Even more essential was our ability to bridge cultures and different types of teams, uniting them to work as one.

The integrated team had access to everything Ford offers. It also had permission to question everything, using new tools like a computer-aided design system that gave them a real-time view of their parts installed in the car.

Decisions were made quickly: in the building, during my bi-weekly full-day reviews, or by having our CEO Jim Farley make the final call.

Physics is Not Proprietary

This philosophy of deep systems integration drove us to find ways for individual parts to perform multiple functions, relentlessly stripping out complexity. This led to investment in “unicasting”, where we form massive, single aluminum parts that act as structural elements of the body and as the base parts for standalone sub assemblies. Compared to a traditional pickup body, the team eliminated three-quarters of the parts, two-thirds of the welds, and half of the fasteners. In the electrical system, we removed over 4,000 feet of wiring—nearly a mile—compared to our first-generation electric SUV.

It’s easy to copy a part. It’s nearly impossible to copy a deeply integrated system design. This obsession with efficiency means we expect our vehicles to achieve a similar range as competitors with a battery that is up to one-third smaller. The disruption to how we build the vehicle is every bit as important as the product itself. We tore up the century-old concept of the moving assembly line. Instead, we’ve created an "assembly tree."

We will build the vehicle in three separate pieces — the front, the rear, and the structural battery core — and then put them together.

We're confident this is the first time a vehicle will be built like this anywhere in the world.


The Reason Our Universal Vehicle is Electric

You might wonder why this platform and vehicle had to be electric.

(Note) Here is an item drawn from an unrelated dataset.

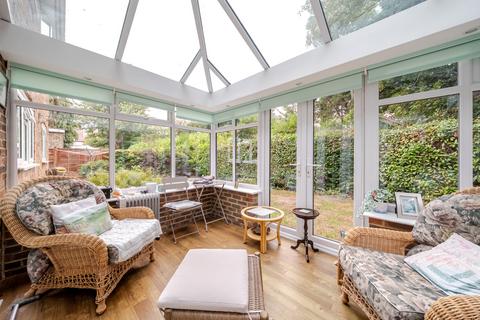 undefined, Grassmount, Purley CR8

The choice enabled how it is built, and we also believe electric vehicles are by far the best product for the customers we are going after.

You can charge at home, waking up every day with a "full tank."

The vehicle is a mobile power plant with high-power outlets and the ability to provide backup power for your home.

And it will be unbelievably fun to drive, with the low center of gravity from the battery, instant torque from the electric motors, and our obsessive chassis engineering.

Our target is a five-year cost of ownership that will be lower than buying a three-year-old Tesla Model Y — and they are pretty cheap right now.

The first vehicle built on this platform will be a midsize, four-door electric pickup truck. It will offer more passenger space than the latest Toyota RAV4, plus a frunk and a truck bed for all the gear that’s part of your life.

And this will not be a stripped-down, old-school vehicle.

Its ground-up, zonal electric architecture not only cuts that mile of wiring but will enable features digital experiences the industry has never seen before. We believe the primary battleground with competitors, especially from China, will be fought and won in the digital realm.

It will also support Ford BlueCruise, the hands-free driving feature that our customers are already finding transformative.

I don’t think many legacy car manufacturers could pull off a project like this. And I don’t believe new electric vehicle startups will be able to keep up with our Ford engineers and manufacturing teams making this a reality.

New ideas are easy. But innovation is delivering those ideas to the world in a way that millions can access. We have a hell of a lot of work to do to make that happen.

I know Ford is the company that can pull it off.


Doug Field is chief EV, digital and design officer at Ford.